Capítulo 04: Intrometida, parte 1

Depois de muita insistência, Alex e Aspen me convenceram a ir no rolê que haviam marcado para hoje a noite. Particularmente não estava com boas expectativas, por mais que tivesse interesse em saber quem era a pessoa que gostaria de me ver.

Quando terminamos de almoçar, eu e o garoto voltamos para casa. Ele, diferente de mim, não parecia preocupado com nada; Liel não aparentava ter aversão a lugares movimentados e muito menos a conhecer novas pessoas.

Me preocupava um pouco onde isso vai parar. Estávamos no meio do caminho e me sentia constantemente vigiada pelo moleque. Qualquer pergunta que ele fizesse sobre o encontro de hoje ia me deixar maluca.

— Ei. Você parece estar muito nervosa. Algum problema? — Ele parou de olhar o seu celular enquanto caminhava, perguntando.

Foi só pensar no diabo que ele abriu a boca. Inferno!

— Ah, nenhum — menti. — Apenas queria ficar em casa mesmo. A última coisa que queria era ir pro shopping depois da semana cansativa.

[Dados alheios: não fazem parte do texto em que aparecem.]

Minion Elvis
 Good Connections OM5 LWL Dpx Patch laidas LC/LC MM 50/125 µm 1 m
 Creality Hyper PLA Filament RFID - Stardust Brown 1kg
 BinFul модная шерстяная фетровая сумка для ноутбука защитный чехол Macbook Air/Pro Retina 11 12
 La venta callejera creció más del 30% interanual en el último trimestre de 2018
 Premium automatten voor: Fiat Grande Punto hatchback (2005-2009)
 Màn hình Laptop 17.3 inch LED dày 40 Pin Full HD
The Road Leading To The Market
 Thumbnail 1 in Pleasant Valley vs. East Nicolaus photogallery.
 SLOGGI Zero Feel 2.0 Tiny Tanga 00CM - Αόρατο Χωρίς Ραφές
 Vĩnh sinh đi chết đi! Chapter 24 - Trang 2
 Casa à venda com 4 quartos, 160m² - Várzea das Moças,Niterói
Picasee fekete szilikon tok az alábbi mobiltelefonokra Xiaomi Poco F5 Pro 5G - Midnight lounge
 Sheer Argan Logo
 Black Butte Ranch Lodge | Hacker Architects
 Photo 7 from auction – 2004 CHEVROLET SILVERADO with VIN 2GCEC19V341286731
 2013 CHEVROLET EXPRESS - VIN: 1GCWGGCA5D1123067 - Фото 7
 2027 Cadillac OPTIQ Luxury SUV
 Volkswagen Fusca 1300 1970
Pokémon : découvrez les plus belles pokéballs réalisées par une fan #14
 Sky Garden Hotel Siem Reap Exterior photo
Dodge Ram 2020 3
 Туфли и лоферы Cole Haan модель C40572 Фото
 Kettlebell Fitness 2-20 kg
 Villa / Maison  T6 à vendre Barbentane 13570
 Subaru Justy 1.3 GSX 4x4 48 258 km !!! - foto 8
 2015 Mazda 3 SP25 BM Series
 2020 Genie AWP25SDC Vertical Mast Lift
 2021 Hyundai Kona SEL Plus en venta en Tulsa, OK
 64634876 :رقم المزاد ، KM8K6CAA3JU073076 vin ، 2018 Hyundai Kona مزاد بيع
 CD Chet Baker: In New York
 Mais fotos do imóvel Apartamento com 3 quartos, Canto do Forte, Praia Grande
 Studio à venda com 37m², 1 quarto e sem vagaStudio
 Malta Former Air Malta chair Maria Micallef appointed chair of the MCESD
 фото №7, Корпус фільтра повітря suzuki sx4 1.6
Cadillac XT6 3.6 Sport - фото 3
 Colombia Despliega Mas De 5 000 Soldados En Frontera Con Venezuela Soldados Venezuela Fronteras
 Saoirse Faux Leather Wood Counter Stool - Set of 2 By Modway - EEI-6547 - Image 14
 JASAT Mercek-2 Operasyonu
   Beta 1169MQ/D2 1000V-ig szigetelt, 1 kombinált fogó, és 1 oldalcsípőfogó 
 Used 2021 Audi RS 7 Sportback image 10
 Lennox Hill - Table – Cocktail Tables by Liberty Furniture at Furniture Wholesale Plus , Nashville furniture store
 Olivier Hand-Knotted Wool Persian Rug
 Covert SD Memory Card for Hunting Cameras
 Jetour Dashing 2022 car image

Mesmo que não fosse a intenção, respondi de maneira espontânea. Ele aparentava algum tipo de preocupação.

— É sério? — indagou.

— Sim. Seríssimo.

— Foda-se.

Retiro o que disse. Ele não vai parar de agir desse jeito tão cedo; abaixe suas expectativas, senhorita Marcy. Não é como se ele fosse perceber alguma tentativa minha em socializar e iria deixar de ser um babaca. Isso faz jus ao que ele é.

— Hahaha! A cara que você fez foi hilária. — Gargalhou.

— Isso não teve graça, idiota. Você só foi escroto mesmo.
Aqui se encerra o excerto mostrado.